Cooking for The Gipper

Chef recalls satisfying the tastes of the Reagans

By William Kincaid
Photo by William Kincaid/The Daily Standard

Steven Boehmfeldt, director of Isaiah 61 Christian Counseling Center and Education Services, on Wednesday afternoon discusses with St. Marys Rotarians his time working as a White House chef for former President Ronald Reagan.

ST. MARYS - An extraordinary president had very ordinary tastes in food: smoked ham on rye bread with Dijon mustard and a bowl of navy bean soup, his chef recounted.
That's the way Ronald Reagan liked it, at least when he had finished the fancy presidential dinners and functions, former White House Chef Steven Boehmfeldt, who lives in St. Marys with his wife, Ale, revealed to St. Marys Rotarians on Wednesday afternoon.
"Everywhere we went with him we had to have his favorite meal. Remember, Mr. Reagan had come from Illinois - pigs, corn, Methodists," Boehmfeldt said "And we would have to have that available for him every single place he went."
Even after visiting the Berlin Wall, Reagan would request the same meal, along with a 7-ounce glass bottle of 7-Up and "on the side a little pillow mint."
"That's what he had," Boehmfeldt said. "I don't care what state dinner he went to, I don't care who serviced him. When you got all done at the end of the night the president would like his lunch, and that's what he would have."
Boehmfeldt, a Cornell University graduate, at 21 was the youngest man to be accepted into American Culinary Federation as a certified executive chef, he said.
"Mrs. Reagan was looking for someone that she could work with who would take the White House and the legacy of the presidency and overshadow that which had taken place during Camelot," Boehmfeldt said.
She demanded state dinners that were second to none - everything had to be prepared with great detail, he noted.
Boehmfeldt also said he planned and prepared the dinner for Reagan's second inauguration.
He recalled how Nancy Reagan told him she wanted him to prepare the president something really special "that nobody ever had before."
"Now I have to tell you something. That's kind of difficult," he said. "It was Thomas Jefferson who had brought baked Alaska and many of these different types of things to the White House, so we studied all of these other presidents and what they had."
Boehmfeldt delivered a dessert of white chocolate shaped like the White House with marinated strawberries inside, which he called "Burn the House Down."
"That was the dessert, and quite honestly it was the claim to fame of culinary treats, the equivalent of probably baked Alaska," he said.
Boehmfeldt said he often accompanied the president aboard Air Force One.
"Do you remember (Reagan) saying, 'Mr. Gorbachev, tear down (this wall)?' I was there," Boehmfeldt said. "I was there and we flew to Normandy on the way and he stopped and we went to the memorial."
Back in those days high-altitude cooking wasn't understood as well as it is today, Boehmfeldt noted.
"So we would prepare presidential dinners and things for him and his staff," he said. "We were still trying to play with ovens and we were doing experiments for companies trying to understand high-altitude cooking."
Boehmfeldt reflected on Reagan's character, calling him a kind, gentle and dedicated man.
"I can cry when I think about the integrity, the credibility, the patriotism (of Reagan)," Boehmfeldt said, adding his feelings are based not on the former president's political leanings but rather his respect for the office.
"You knew he was coming before he got there.
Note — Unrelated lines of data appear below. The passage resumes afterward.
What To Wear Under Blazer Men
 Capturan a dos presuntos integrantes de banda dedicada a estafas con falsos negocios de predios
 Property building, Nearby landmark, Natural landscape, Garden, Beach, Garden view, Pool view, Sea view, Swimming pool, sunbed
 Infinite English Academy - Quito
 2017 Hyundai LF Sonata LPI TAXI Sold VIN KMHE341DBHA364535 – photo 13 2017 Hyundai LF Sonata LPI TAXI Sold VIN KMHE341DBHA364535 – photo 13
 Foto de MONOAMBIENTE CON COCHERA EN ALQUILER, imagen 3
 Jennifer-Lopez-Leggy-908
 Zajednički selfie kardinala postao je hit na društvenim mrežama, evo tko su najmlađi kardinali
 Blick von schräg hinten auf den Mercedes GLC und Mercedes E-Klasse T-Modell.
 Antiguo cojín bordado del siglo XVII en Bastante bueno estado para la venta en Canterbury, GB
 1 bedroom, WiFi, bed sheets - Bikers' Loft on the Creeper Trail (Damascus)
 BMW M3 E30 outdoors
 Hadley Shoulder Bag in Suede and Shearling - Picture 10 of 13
He respected the office so much that the aura of the man came before he did," Boehmfeldt continued.
On three occasions Boehmfeldt said he saw the president, through the open door of the Oval Office, on his knees with the Bible.
The job gave Boehmfeldt a great reputation and helped propel him to the top of the food industry. He worked in research and development, designing food products for companies around the globe.
But his world came crashing down sometime around 1991.
"I found my birth mother after 43 years - never knew where she was," he said. "I found that my mother who raised me and brought me up ... that she was dying and did the very same week that I found my birth mother."
To make matters worse, his wife at the time told him she no longer wanted to be married to Boehmfeldt.
"You can have (a) great professional life and everything else but you can be coming apart at the seams," he said.
Boehmfeldt sought refuge on a cruise where he went on an 18-day bender, drinking all the rum he could get, he said.
He soon realized that wasn't the answer. He enrolled in Bible college in Tulsa, Oklahoma.
"(I found) that my significance and my value, my purpose and my identity was not wrapped up in how much money I had ... how many cars I drove or anything else but had everything to do with the fact that I had a creator, one who had formed, made and created me in his image," he said.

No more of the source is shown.